ロールプレイという結果

まず起点。

世界をTRPGで実感するには(2) - まりおんのらんだむと〜く+
http://d.hatena.ne.jp/mallion/20080415/p1

そして関連項目。

シナリオの階層化手法 - TRPG履歴
http://d.hatena.ne.jp/standby/20070307/p1

そしてこっからが持論。
なんか長いので折っておきます。



まず、「自分自身(を取り巻く世界)」と、「キャラクター(を取り巻く世界)」の差によって、キャラクターが浮き彫りになり、結果的にロールプレイに繋がる、と乱暴に要約しちゃいます。
さて、その上での私の疑問です。


・そもそもロールプレイをすることがセッションだろうか?


これは私の立場からすると明確に否です。ただしなぜ否なのかについては、ロールプレイとセッションというものが定義されていないといけないので、それを大雑把に定義します。


セッションというのは、結果の積み重ねです。噛み砕くなら、行為の結果と、決断の結果の積み重ねです。
しかしその前段階に立つものとして、状況があります。状況というのは、システムごとの世界観と、セッションの時点での世界の状況と、セッションに関わるエリアの状況と、セッションに関わるNPCの状況です。


世界観は、物理法則みたいなもんです。剣があります、魔法があります、銃はありません、死者は生き返りません、とかその程度のもんです。どんな神様がいて云々というのは、ディティール、テクスチャに過ぎないので、さほどの意味はありません。


世界の状況というのは、過去の要約です。現在に至る詳細な過去を無視して、とりあえずこういう状況になっています、と説明されるものです。人類がどこで発生してどういう経路で住処を拡大してどうやって社会的集団を形成してどうやって国家を形成しました、というのは、ディティール、テクスチャに過ぎず、現在には大きな影響を与えません。とりあえずこうなってます、ということがわかれば、どうやってそうなったかは無視してもかまわないものです。

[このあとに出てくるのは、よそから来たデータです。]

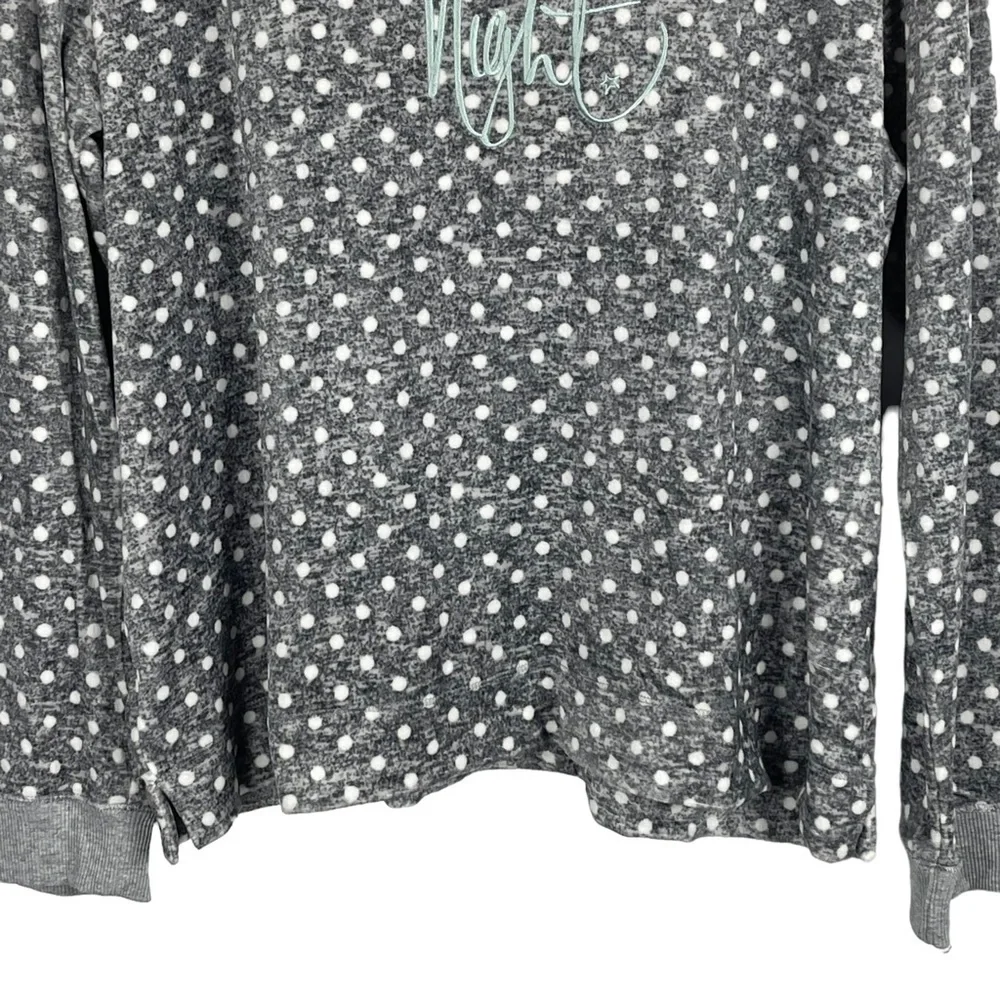 JANE & BLEECKER NIGHTY NIGHT FUZZY POLKA DOT MATCHING PAJAMA PJ SET - Picture 8 of 14
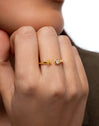 Letter Diamond Personalized Gold Ring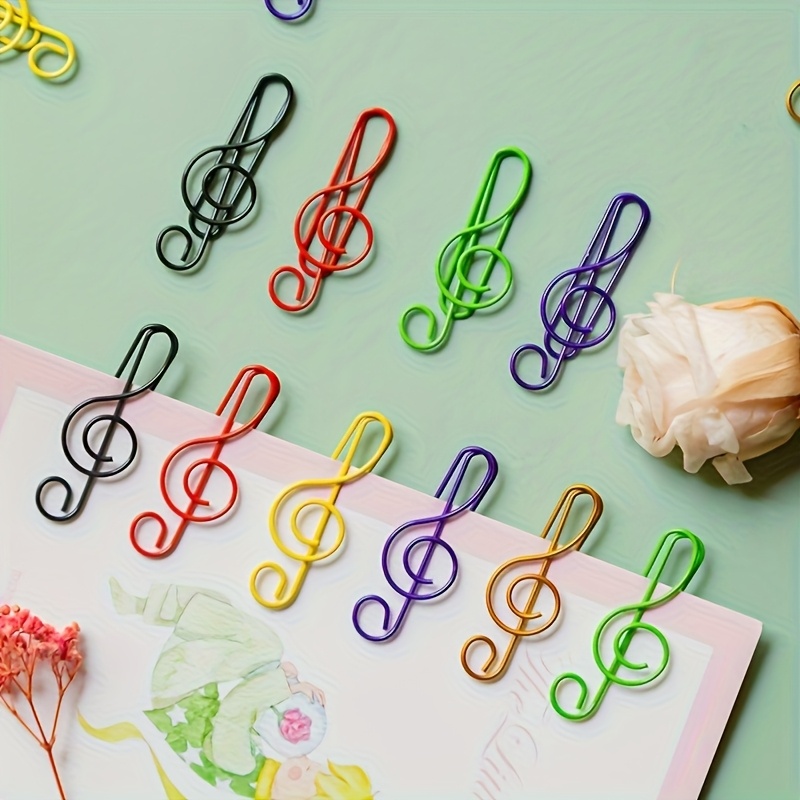 10pcs colorful music note shaped paper clips file organizer clips assorted colors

セッションに関わるエリアの状況というのは、PCが置かれる環境のことです。どっかの街が舞台なら、どういう政治形態で、どういう領主(あるいは民衆代表)がいて、治安組織はどうで、PCの立場はどういうものか、という日常を描写するために必要な情報の一群です。宗教が絡んだり政治主張が絡んだりすることもありますが、これらはやはりディティール、テクスチャでしかないために、PC自体を規定するものではありません。


セッションに関わるNPCの状況というのは、セッションに登場するNPCの状況設定です。誰がどういうことをしようとしているのか、という情報が、とりあえずNPC分だけある、ということです。動機や、それにまつわる過去なんかは、派生的に必要になりますが、それはディティールやテクスチャに属するため、やはりPCには関わりのない情報です。


PCというのは、それらの状況の上に投げ出される存在です。システムによっては、どこかの状況に関わることが規定されている場合もありますが、基本的にPCというのは、PLが自由に設定してもいいし、シナリオの要求、つまりGMの要求に応じて設定してもかまわないものです。
言い換えれば、それがTRPGの自由だ、と言ってもいいです。自分のキャラクターの状況を設定することが出来ること、そして設定しないということができること、それがTRPGにおける自由だ、と。
ロールプレイというのは、それらの状況の積み重ねの上に、結果的に現れるものであって、目的でもなければ、手段でもありません。ただあるがままにあるだけのものです。それは世界を構成する状況の一端に過ぎず、それを行なうことは当たり前のことの範疇にあり、行なわないこともまた、当たり前のことの範疇です。


この疑問の結論は、ロールプレイとは、セッションの目的に応じて発生するものであって、セッションそのものではない、ということになります。
例えば、システムはなんでもいいんですが、システム固有の世界観を無視して、要はキャラクター作成ルールとか行為判定ルールとかだけを使って、ただダンジョンハックするだけのセッションをやろうぜ、という状況においては、ロールプレイは不要だ、というだけのことです。
ロールプレイは選択要件であって必要要件ではない、ということですね。


まりおんさんところの話で言えば、グローランサ世界では、ロールプレイが必要要件となっているがために(実際にそうなのかはわかりませんが)、世界の状況等々を理解していくことが必要となる、というのが私の解釈になります。この場合は因果は目的的には逆転しますが、セッションの盤上に現れるロールプレイというものが、状況の積み重ねであることは変わりません。


もっとわかりづらく例えてみましょう。
「物語の登場人物とは、ロールプレイを必要とされたセッションに登場するキャラクターであり、ロールプレイを必要とされるがために、ロールプレイを行なうために必要な状況としての過去と現在と、場合によっては未来の目的を持っている」
「物語とは、ロールプレイを必要とされたキャラクターが、それぞれのロールプレイに基づいて決定された目的によって交流することによって、結末に至る」
状況が設定された時点で、シナリオの結果というのは不可逆的に決定されているものであり、それを左右することはGMにもPLにもできません。
意味づけはGMやPLが行なうものであって、PCや、ましてや状況が行なうものではない、ということでもあります。なので、GMの意味づけした"結末"と、PLが意味づけした"結末"が異なるのは当然だし、それでもかまわない、ということでもあります。
もちろん、PCが意味づけしたと錯覚できるのが魅力、という観点もあります。PCがPCの考えで動き、PLの制御を離れている、という錯覚です。それは別の話になるのでここでは触れません。